Caffè “amaro” per 5 indagati, maxi-sequestro

I Finanzieri del Comando Provinciale della Guardia di Finanza di Catania, nell’ambito di indagini coordinate dalla Procura della Repubblica etnea, hanno eseguito un decreto di sequestro preventivo emesso dal GIP nei confronti di 5 persone, indagate a vario titolo per bancarotta fraudolenta patrimoniale e documentale aggravata dal danno patrimoniale di rilevante gravità.

Indagini sul fallimento di un’azienda del caffè
Le attività investigative, svolte dal Nucleo di Polizia Economico-Finanziaria del capoluogo etneo, hanno riguardato il fallimento di una società che operava nel settore della lavorazione del caffè, dichiarata fallita dal Tribunale di Catania nel 2022. Gli accertamenti avrebbero fatto emergere che gli indagati, nella fase immediatamente precedente al crac finanziario, avrebbero posto in essere operazioni volte a distrarre il patrimonio aziendale in danno dei creditori, in particolare del Fisco, vantando la società un’esposizione debitoria di circa 3 milioni di euro.

Manovre illecite per causare il fallimento
Nello specifico, nonostante un fatturato ed un patrimonio netto ancora significativi, tali da consentire il risanamento con una corretta gestione, sarebbero state compiute manovre illecite come la svalutazione di crediti e disponibilità liquide, cessioni di beni con ingenti minusvalenze, causando perdite rilevanti. In contemporanea, sarebbe stata costituita una nuova società in cui è stata trasferita l’attività produttiva, di fatto “svuotando” la società decotta.
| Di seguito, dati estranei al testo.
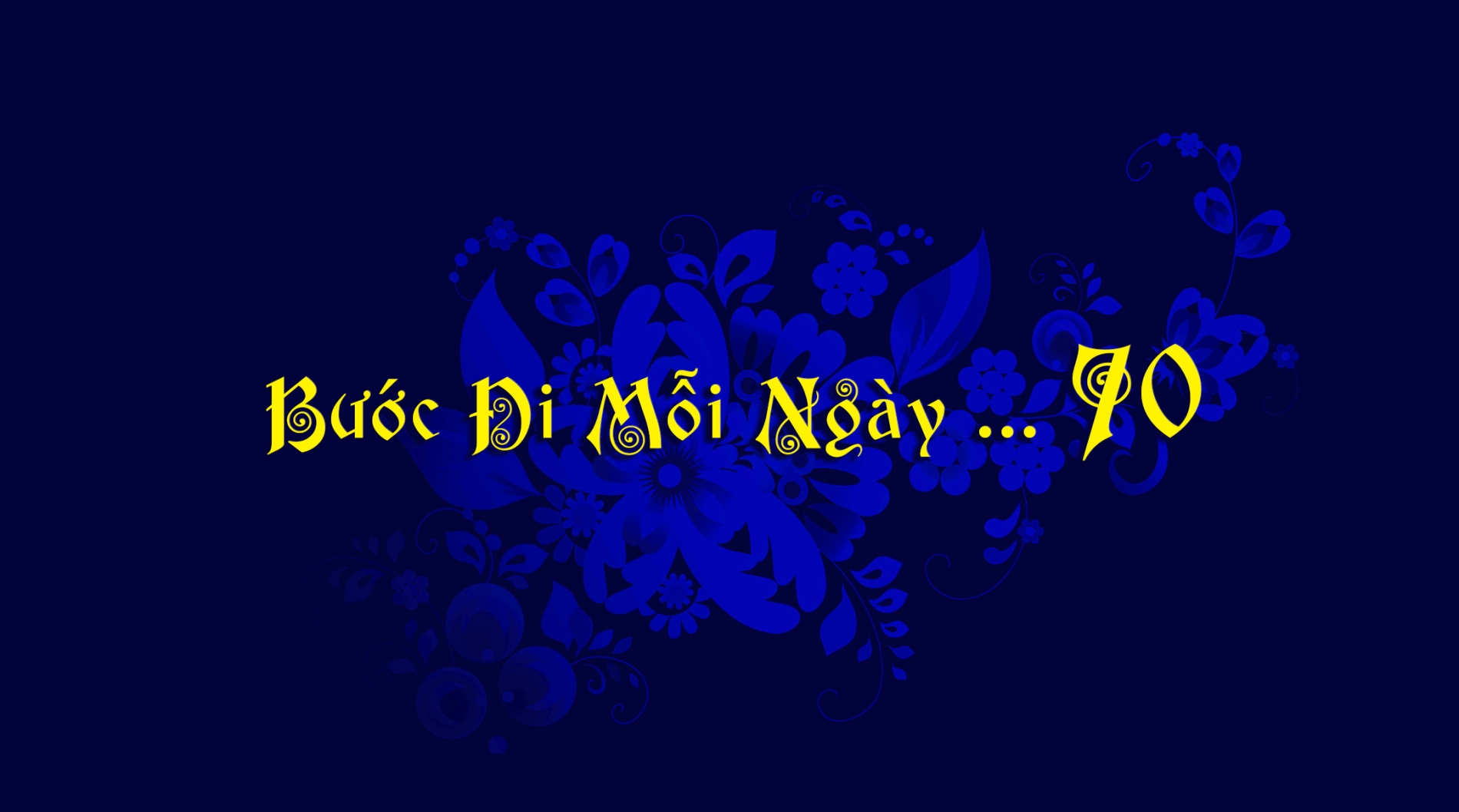Bước Đi Mỗi Ngày ... 70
Trasferimento fraudolento di asset aziendali
Il graduale passaggio di clienti, dipendenti, marchi e asset strategici avrebbe permesso il completo azzeramento del fatturato della “bad company”, lasciata senza patrimonio né possibilità di risanamento, a vantaggio della nuova realtà imprenditoriale. Un vero e proprio “trasloco” attuato eludendo le procedure fallimentari, che avrebbe assicurato la continuità aziendale e il mantenimento dei livelli precrisi di ricavi e marginalità.
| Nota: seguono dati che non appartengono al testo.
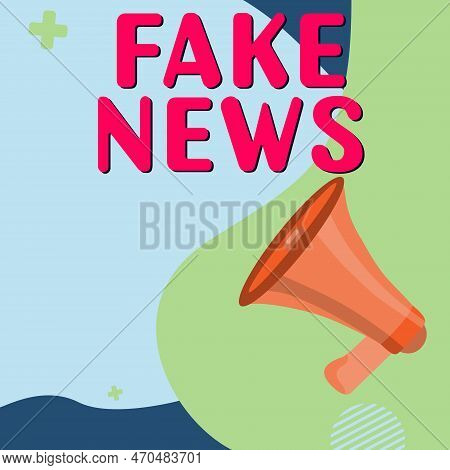 Conceptual Caption Fake News. Business Idea Giving Information To People That Is Not True By The Med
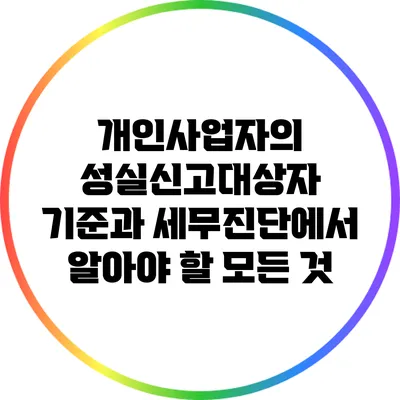 개인사업자의 성실신고대상자 기준과 세무진단에서 알아야 할 모든 것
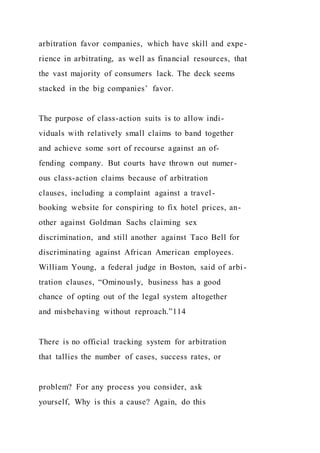 arbitration favor companies, which have skill and expe-
rience in arbitrating, as well as financial resources, that
the vast majority of consumers lack. The deck seems
stacked in the big companies’ favor.
The purpose of class-action suits is to allow indi-
viduals with relatively small claims to band together
and achieve some sort of recourse against an of-
fending company. But courts have thrown out numer-
ous class-action claims because of arbitration
clauses, including a complaint against a travel-
booking website for conspiring to fix hotel prices, an-
other against Goldman Sachs claiming sex
discrimination, and still another against Taco Bell for
discriminating against African American employees.
William Young, a federal judge in Boston, said of arbi -
tration clauses, “Ominously, business has a good
chance of opting out of the legal system altogether
and misbehaving without reproach.”114
There is no official tracking system for arbitration
that tallies the number of cases, success rates, or
problem? For any process you consider, ask
yourself, Why is this a cause? Again, do this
La società fallita si sarebbe invece ritrovata con un pesante debito verso il Fisco, pari a quasi 3 milioni, e nell’impossibilità di saldarlo, finendo in liquidazione. Al contrario, il factotum della nuova azienda avrebbe registrato nel 2022, secondo il bilancio depositato presso la Camera di Commercio, un fatturato di 3 milioni ed un patrimonio netto di 350 mila euro.

Il sequestro preventivo
Per tali motivi il GIP, condividendo l’impianto accusatorio della Procura, ha disposto il sequestro preventivo del compendio aziendale della nuova società, in quanto ritenuto frutto della distrazione fraudolenta di asset dalla fallita, a tutela dei creditori e dell’Erario. Le indagini proseguono per definire tutti i contorni della vicenda.